Adelaide will no longer use the services of external leadership consultants Collective Mind after the two organisations decided to part ways.

The Crows coach Don Pyke described the now infamous pre-season training camp as ‘‘a fail’’ with players being left disillusioned and questioning why some things happened on the camp.

'Didn't hit the mark': Adelaide coach Don Pyke.

‘Didn’t hit the mark’: Adelaide coach Don Pyke.

‘‘We did some really positive work in the mental performance space and the players were really engaged, as we saw last year,’’ Pyke said.

‘‘This year, we moved that to the next phase and, it’s fair to say, some of those sessions didn’t hit the mark and didn’t resonate with the players.’’

The Crows called a media conference yesterday to attempt to end the speculation that has surrounded their football program since March when reports first emerged of the camp.

The club acknowledged that players complained about features of the camp, which included an Indigenous artefact being used as a talking stick. However, football manager Brett Burton argued the issues were resolved soon after the camp ended.

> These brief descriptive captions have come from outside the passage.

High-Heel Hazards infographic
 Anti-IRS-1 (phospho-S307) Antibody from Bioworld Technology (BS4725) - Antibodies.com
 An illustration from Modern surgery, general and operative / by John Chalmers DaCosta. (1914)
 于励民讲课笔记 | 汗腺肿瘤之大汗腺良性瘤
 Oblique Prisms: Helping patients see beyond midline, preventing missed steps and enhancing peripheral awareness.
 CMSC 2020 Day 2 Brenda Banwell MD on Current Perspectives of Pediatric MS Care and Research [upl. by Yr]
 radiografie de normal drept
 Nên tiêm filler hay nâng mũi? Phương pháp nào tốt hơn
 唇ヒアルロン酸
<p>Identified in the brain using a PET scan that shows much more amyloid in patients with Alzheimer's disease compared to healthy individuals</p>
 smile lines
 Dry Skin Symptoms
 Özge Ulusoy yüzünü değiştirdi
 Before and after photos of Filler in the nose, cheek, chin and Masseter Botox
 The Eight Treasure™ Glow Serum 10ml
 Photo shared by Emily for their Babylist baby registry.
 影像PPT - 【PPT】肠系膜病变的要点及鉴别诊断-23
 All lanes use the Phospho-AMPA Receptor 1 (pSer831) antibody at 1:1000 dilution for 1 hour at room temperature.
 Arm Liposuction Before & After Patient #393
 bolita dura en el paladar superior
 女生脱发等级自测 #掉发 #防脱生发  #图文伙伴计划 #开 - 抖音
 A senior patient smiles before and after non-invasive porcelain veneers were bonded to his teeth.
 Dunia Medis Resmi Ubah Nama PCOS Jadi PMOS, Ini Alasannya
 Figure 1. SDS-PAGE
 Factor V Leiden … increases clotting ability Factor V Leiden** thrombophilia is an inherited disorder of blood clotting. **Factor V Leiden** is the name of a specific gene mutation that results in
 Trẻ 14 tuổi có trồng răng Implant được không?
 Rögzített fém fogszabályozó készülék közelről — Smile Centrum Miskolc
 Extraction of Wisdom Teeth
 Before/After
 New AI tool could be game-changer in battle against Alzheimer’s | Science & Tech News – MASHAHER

Pyke and Burton also confirmed players were blindfolded on a short bus trip between locations and listened to the Richmond theme song in an activity that was intended to build resilience.

Pyke said, contrary to reports, players were able to contact loved ones during the camp.

He said that in hindsight they should have communicated more to their players about what was likely to occur in the camp to avoid some of the issues that eventuated.

Several sections of the club felt they benefited last season from Collective Mind which have spoken in forums about giving players tools to reset their focus within games using a variety of triggers.

The Crows lost to the Tigers in the grand final last season and have failed to bounce back, winning just six of the first 13 games and denied any problems until last week when they acknowledged parts of the camp had not worked.

‘‘We want to make sure programs we’re running inside our club have complete buy-in from everyone,’’ Pyke said.

‘‘There were enough concerns in this space to take the action we took.’’

Some at the club, including captain Taylor Walker, reacted negatively to Jake Lever’s departure to Melbourne and key players suffered soft tissue injuries after an arduous pre-season early in the year, with star forward Eddie Betts being ruled out recently for a month with a hamstring injury.

Collective Mind was the program behind the Crows' 'power stance' last year.

Collective Mind was the program behind the Crows’ ‘power stance’ last year.

Free agent Rory Sloane remains unsigned, while star forward Tom Lynch is still out of contract.

Fairfax Media has also reported that injured forward Mitch McGovern, who signed a new deal late last year, is also keen to leave the club.

Burton said the Crows were continuing to evaluate their program and maintained there were no lingering issues with players as a result of the camp.

The Crows have a tough run ahead after this week’s bye, with games against West Coast, Richmond and Geelong in the next three weeks.

They began the round in 11th spot on the ladder but expect key players to return from injury.